Doch Kansas City blieb am Leben, denn auch die eigene Defense legte nun einen Gang zu und hielt den Rückstand bei zehn Punkten. Und Mahomes und Co. machten es deutlich besser als in der Angriffsserie zuvor. Mit einem 44-Yard-Pass auf Hill brachte der Chiefs-Quarterback sein Team in die Hälfte San Franciscos. Eine Pass-Interference von Moore – der ein paar Minuten davor den Ball abgefangen hatte – brachte Kansas City an die Ein-Yard-Linie und kurz darauf stand es 17:20 aus Sicht der Chiefs, nachdem Mahomes seinen Tightend Kelce in der Endzone gefunden hatte.

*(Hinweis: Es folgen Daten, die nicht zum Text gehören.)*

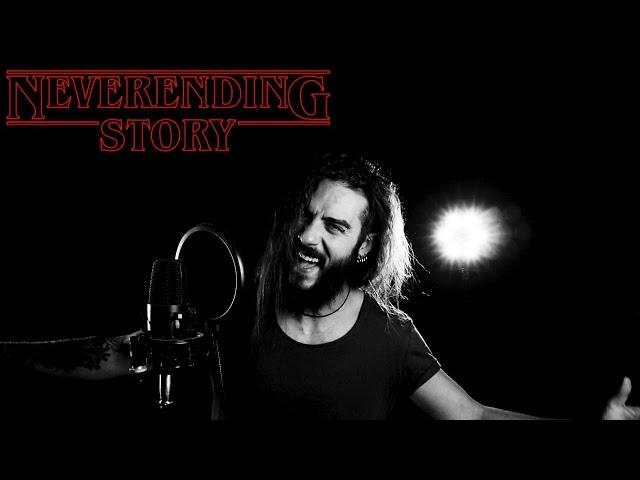 NeverEnding Story - Metal Cover!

Mit einem Mal war das berühmte Momentum vollends auf der Seite der Chiefs. San Franciscos Offensive stockte und ermöglichte Mahomes, die Partie endgültig auf seine Seite zu ziehen. Der Quarterback vollendete 2:50 Min. vor dem Ende die nächste Angriffsserie mit einem Touchdown-Pass über fünf Yards auf Runningback Damien Williams, der auch dem Videobeweis standhielt und nun die Chiefs der Lombardi-Trophy ganz nahe brachte.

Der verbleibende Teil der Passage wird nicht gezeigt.